Member of the Chamber of Deputies
- In office 15 May 1945 – 15 May 1949
- Constituency: 6th Departmental Group

Personal details
- Born: 5 April 1906 Valparaíso, Chile
- Died: 11 October 1985 (aged 79) Viña del Mar, Chile
- Party: Christian Democratic Party
- Spouse: Graciela Barría Sánchez ​ ​(m. 1951)​
- Profession: Lawyer, Academic

= Raúl Le Roy =

Chilean parliamentarian (1906–1985)

Raúl Le Roy Le Roy (5 April 1906 – 11 October 1985) was a Chilean lawyer, academic and Christian democratic politician.

== Biography ==
Le Roy Le Roy was born in Valparaíso, Chile, on 5 April 1906. He was the son of Arturo Le Roy Toledo and Amalia Le Roy.

He studied at the Colegio de los Sagrados Corazones of Valparaíso, graduating in 1925, and later completed law courses at the same institution in 1928. He qualified as a lawyer on 5 November 1930, submitting a thesis entitled El contrato de prenda.

He practiced law in Valparaíso and served as a substitute judge (abogado integrante) of the Court of Appeals of Valparaíso.
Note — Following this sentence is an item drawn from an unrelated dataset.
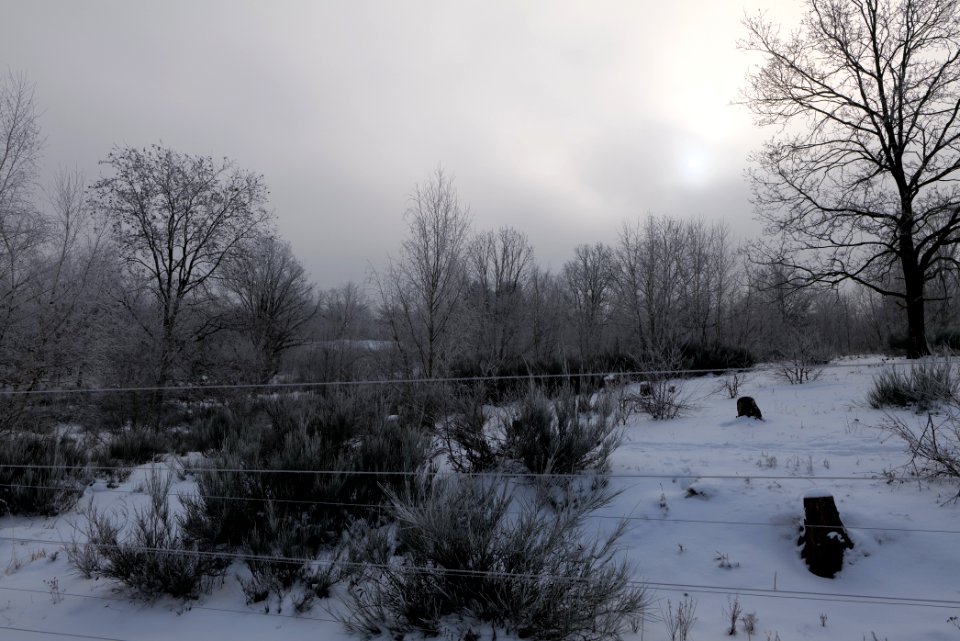 Döberitzer Heide wilderness area with snow 2021-02-14 40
He also worked as a journalist for the newspaper La Unión of Valparaíso.

In academia, he taught Political Economy and Philosophy of Law in the Law Course in 1936. He later lectured in Political Economy and Introduction to the Study of Law at the Catholic University of Valparaíso, where he also served as Director of the School of Law. He additionally taught War Economy at the Naval War Academy.
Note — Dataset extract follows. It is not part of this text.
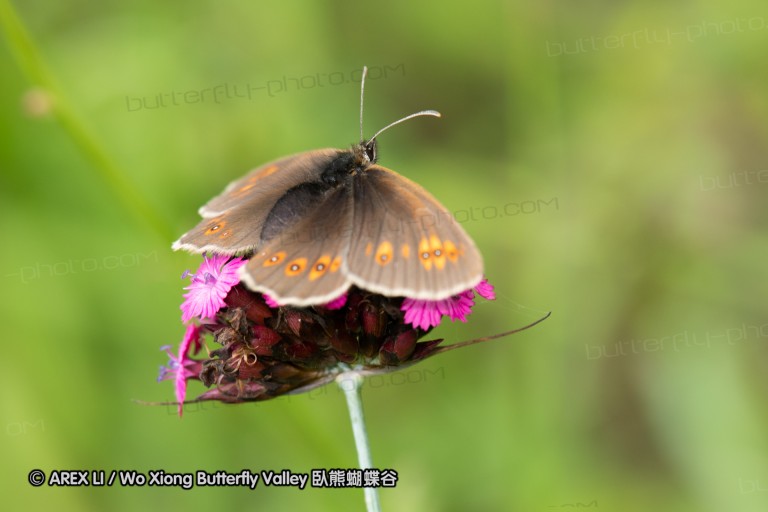 180610_bg_gubesh_komshtitsa_086.jpg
He married Graciela Barría Sánchez in Santiago on 7 July 1951, with whom he had five children.

== Political career ==
Le Roy Le Roy was initially a member of the Falange Nacional and later joined the Christian Democratic Party. He served for four years as provincial president of the Catholic Youth.

He was elected Deputy for the 6th Departmental Group —Valparaíso and Quillota— for the 1945–1949 term. During his parliamentary service, he was a full member of the Standing Committee on Constitution, Legislation and Justice, and a replacement member of the Committees on Roads and Public Works, and Labour and Social Legislation.

He was also a member of Catholic Action.

Le Roy Le Roy died in Viña del Mar on 11 October 1985.